Quote the material exactly from the line that contains "Cicada 4-Channel Amplifier" through its last line. Any pictures are to be left out.

Information supplied Block Start

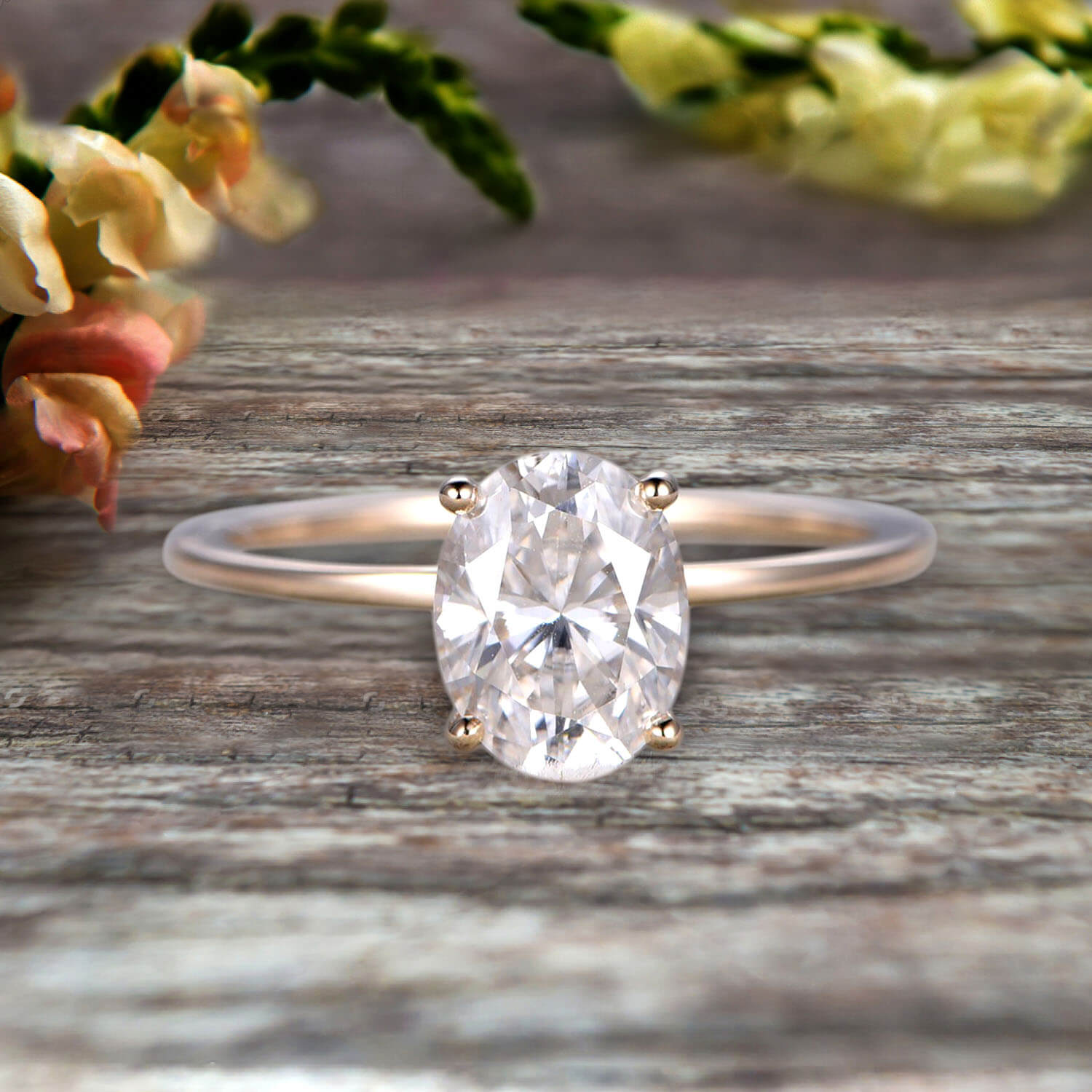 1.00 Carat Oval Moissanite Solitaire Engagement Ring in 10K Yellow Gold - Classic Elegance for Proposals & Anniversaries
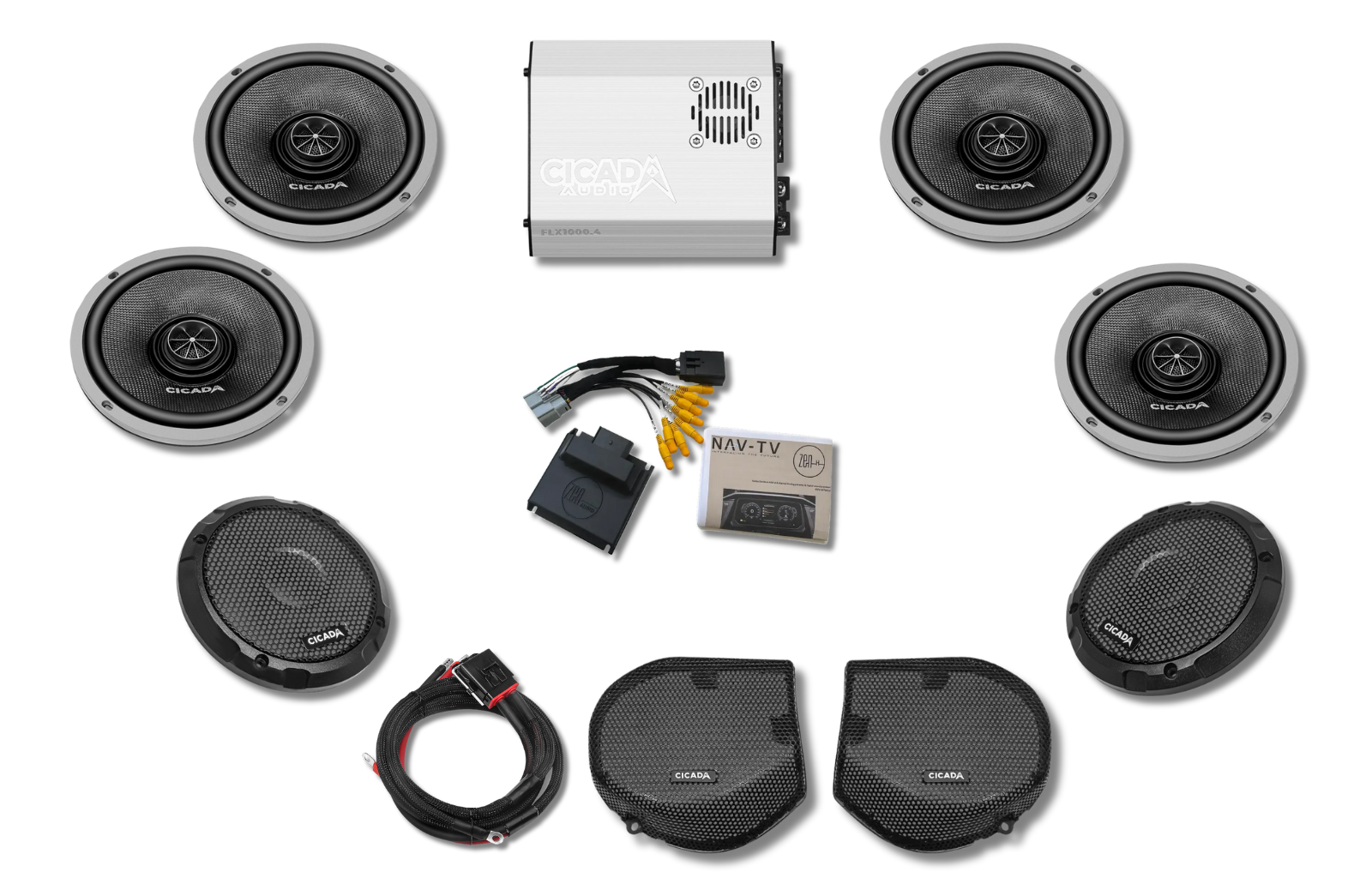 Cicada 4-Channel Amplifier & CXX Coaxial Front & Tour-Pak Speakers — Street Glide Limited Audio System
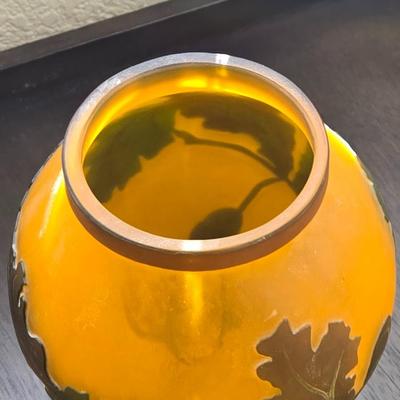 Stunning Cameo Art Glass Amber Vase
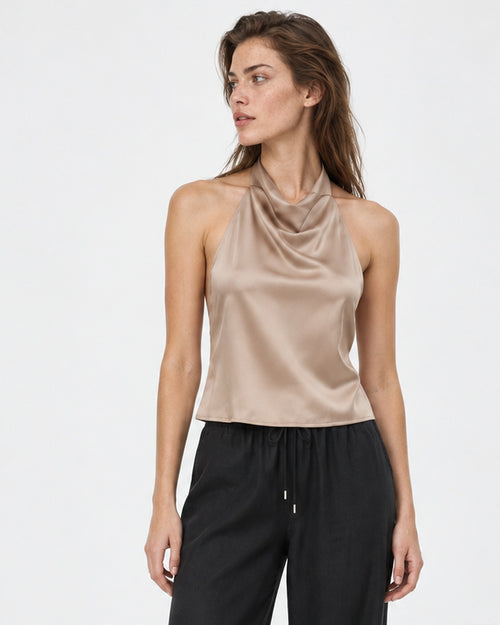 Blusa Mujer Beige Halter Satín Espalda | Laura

Information supplied Block End

Output for this task.
 Cicada 4-Channel Amplifier & CXX Coaxial Front & Tour-Pak Speakers — Street Glide Limited Audio System
 Stunning Cameo Art Glass Amber Vase
 Blusa Mujer Beige Halter Satín Espalda | Laura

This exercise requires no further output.